I dont know whhy but I am still going crazy over thi. I saw another therapist for the 1st time today,...I still cant stop thinking about my previous therapist.. I ended up emailing him recently and he has emailed me back..I just want to write him and ask if i can see him again but I know its not a good thing to do... I just keep thinking if I was prettier, sexier or more persuasive that we would have hooked up...sounds so dumb to say..I dont know why I am going through this
Sifter joined in and replied with this 4.6 years ago, 9 hours later[^][v]#0
Hey Tonya, I think it's pretty normal to still have big feelings about this. So much emotional stuff gets stirred up in therapy, when we trust them so much. It will take time to sort out what happened, and what it means for you, and how come sex is the thing that makes you feel like you are 'good enough'. But if you ask to see him again you put yourself in a pretty no-win situation.
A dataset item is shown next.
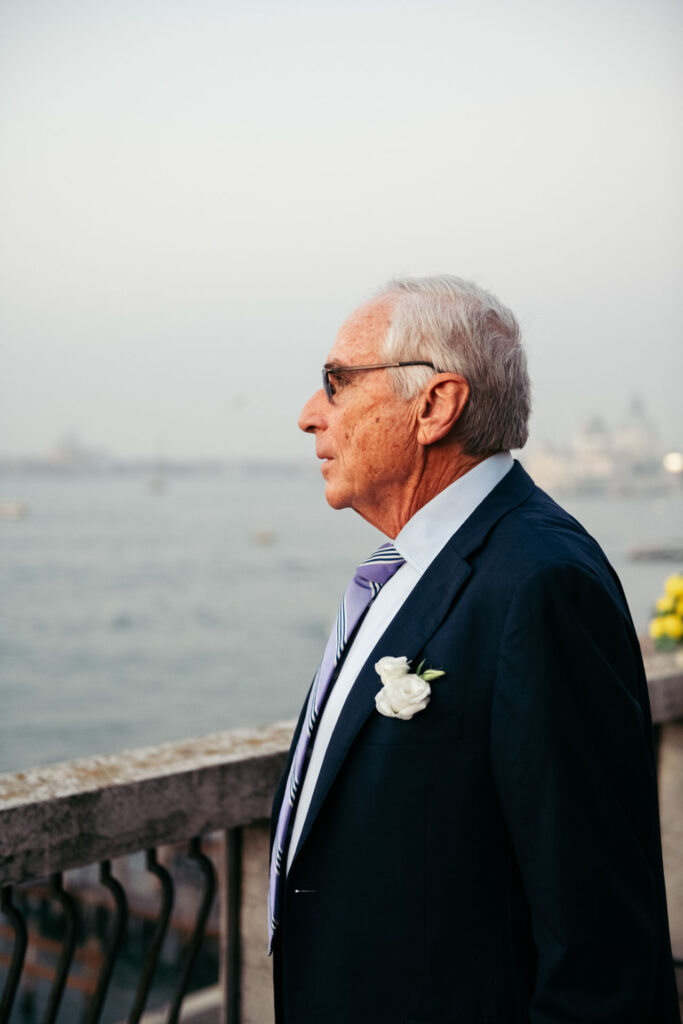 Bride's father looking at the panorama while waiting for the ceremony to start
Either he says no (which would feel like rejection) or he says yes, and your heart is back on the line with someone who has proven he doesn't have his own shit together enough to treat you right. So - maybe just hang in there for a while and see what happens with the new therapist. Focus on that if you can, but know that you're hurt for good reasons, and it's okay if it takes time to recover.
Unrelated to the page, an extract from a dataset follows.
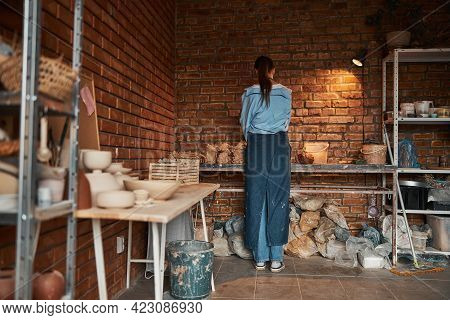 Charming Elegant Ceramicist Spending Time At A Hobby In Pottery Cozy Workshop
Tonya (OP) replied with this 4.6 years ago, 13 hours later, 23 hours after the original post[^][v]#0
(Citing a deleted or non-existent reply.) > I thought there was no more of this "support group" stuff? I thought it was only supposed to be questions/answers?
sorry if I bothered you...
Tonya (OP) double-posted this 4.6 years ago, 11 minutes later, 23 hours after the original post[^][v]#0
thanks sifter...you always know the right things to say!